Furthermore, he said that immediately after the NATO bombing in Belgrade, “we were most disturbed to note that in the (nearly 50- year-old) conflict between India and Pakistan in Kashmir, for the first time, there were two distinct instances of both countries taking action against media specifically from the other countries.”

White also said that when the Russians began to attack Chechnya and its capital, Grozny, “We noticed too – it began with attacks directly on the Chechen radio and television facilities.”

“So, what we are very concerned about is that ‘taking out the media’ is going to become the first imperative of any conflict that we get into, and this is very dangerous,” he added.

IPI Director Johann P. Fritz said in the introduction to the report that “journalists are being slaughtered at a time when the public need impartial information most: during times of war and conflict.”

Most of the journalists who were killed in 1999 “were cut down in waves of violence” in the Balkans, Colombia, Russia and Sierra Leone – caught up in the conflicts they were reporting on.
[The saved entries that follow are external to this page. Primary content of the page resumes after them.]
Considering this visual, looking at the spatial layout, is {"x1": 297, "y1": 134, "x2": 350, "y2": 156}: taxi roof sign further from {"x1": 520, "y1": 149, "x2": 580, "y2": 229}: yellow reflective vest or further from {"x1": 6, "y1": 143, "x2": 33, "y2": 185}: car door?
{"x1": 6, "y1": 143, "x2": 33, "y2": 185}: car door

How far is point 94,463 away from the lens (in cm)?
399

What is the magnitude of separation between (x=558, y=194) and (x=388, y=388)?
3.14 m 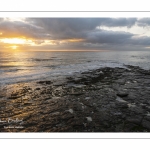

But the deaths of many others remain unexplained.

“These deaths are the tip of an iceberg of physical assaults, jailings and disappearances that affect journalists every year,” according to the report.

It also said that in terms of violent attacks on and targeted killings of journalists, 1999 has been the second worst year ever, surpassed only by 1994, “the worst year on record” with massacres in Rwanda, Algeria and Bosnia.

“There is too much impunity as far as the killings of journalists are concerned. We often find that there are no proper investigations into killings of journalists and media workers,” said White.

“In fact, the dangers to journalists today are greater than they’ve ever been, and all the evidence we have is that they’re going to increase in the future,” he noted.

“There is not even, in many cases [of murder], the beginning of an enquiry which will satisfactorily establish” who were the journalists’ killers, said White.

Pointing to the fact that there are several international declarations and Conventions on human rights that would protect journalists, White said: “the problem is that putting these into effect requires political will ]; at the level of the United Nations we must seek much more consistency and (place) many more demands on [UN] member states to meet the fundamental rights that they signed up to.’

“We would hope that political institutions like the European Union and its member states will not trade with, [and] will not encourage cooperation with countries where that respect for human rights is not maintained,” he added.